Researchers from the Intelligent Manufacturing and Precision Machining Laboratory, Department of Mechanical Engineering, Tsinghua University, have proposed a new algorithm structure called FIP (Fast Inertial Poser) based on six inertial sensors, which brings a new approach for deployment on portable terminals. The method consists of two stages: joint position estimation and kinematic inverse solution. Compared to previous methods, the main reasons for the efficiency improvement of this method are: firstly, eliminating additional optimization designs; secondly, based on the "minimum measurement principle," enhancing the expression ability of the neural network structure by considering human shape parameters (height, leg length, single arm length, and sex), using kinematic inverse solvers and a shared model of different sensors; thirdly, removing the bidirectional propagation mechanism of RNNs. In the position estimation stage, FIP uses three independent recurrent neural networks (RNNs) to estimate the positions of leaf nodes and the rest of the nodes. To make the model inference process closer to the real physical process, FIP uses a sensor-shared integration RNN to estimate the positions of leaf nodes. In addition, for each RNN, human parameter information is input into the algorithm network through embedding.

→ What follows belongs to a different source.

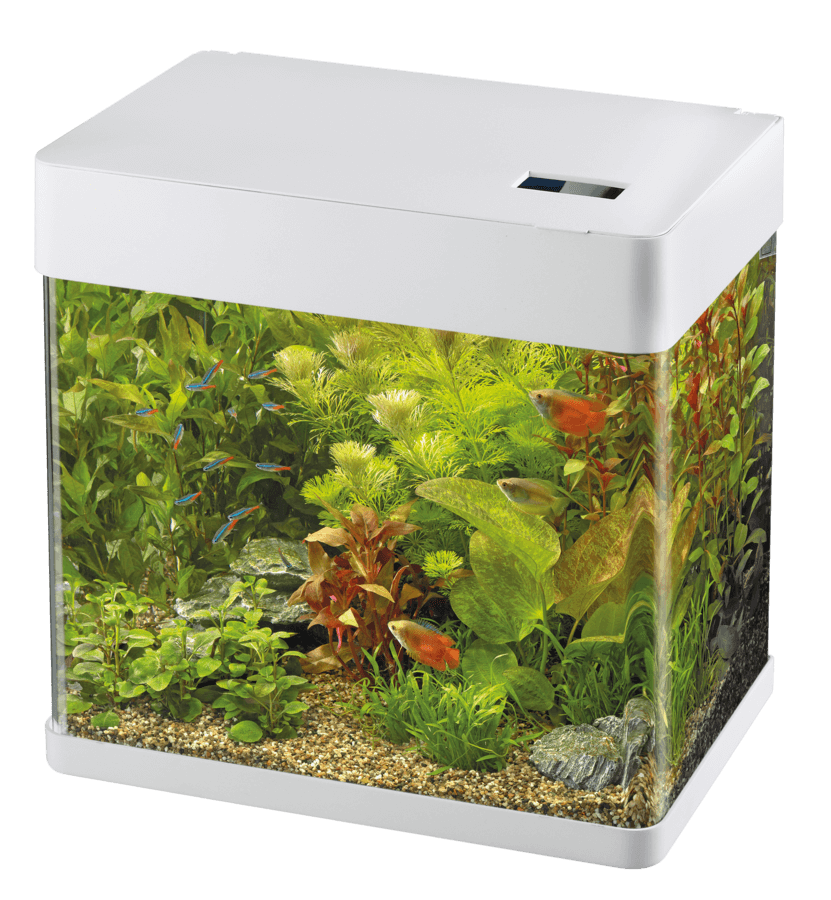 Superfish - Aquarium Panorama 20 LED Blanc 32 x 23 x 35,5 cm - SUPERFISH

Figure 1. Illustration of FIP



The specific network design is illustrated in Figure 2, where the main sub-modules used are the unidirectional recurrent neural network (RNN) and the multi-layer perceptron (MLP). By inputting the human skeleton information into different modules to form human shape-related constraints, a special inverse kinematics solver based on the human kinematic tree is designed to help the model solve the rotation of joints in the current frame.


In experiments based on open-source datasets, FIP demonstrates reduced motion reconstruction latency and computation time while ensuring reconstruction accuracy. The computational time on a PC is only 2.7ms per frame, and it can run stably with a latency of 15ms and a frame rate of 65 FPS on the Nvidia NX2TX embedded computer. This provides a novel approach for real-time human motion reconstruction on mobile terminals.




Figure 2. Pipeline of FIP



This work was published in the journal "Nature Communications" on March 18, 2024 with the title "Fast Human Motion Reconstruction from Sparse Inertial Measurement Units Considering the Human Shape". The first author is Xiao Xuan, a master's graduate from the Department of Mechanical Engineering at Tsinghua University. The corresponding author is professor Zhang Jianfu, from the Department of Mechanical Engineering. Gong Ao, an undergraduate graduate from the Department of Mechanical Engineering, along with Professor Feng Pingfa, Associate Professor Wang Jianjian, and Assistant Researcher Zhang Xiangyu, all from the Department of Mechanical Engineering, participated in the research work. The research was funded by the Guoqiang Research Institute, Tsinghua University.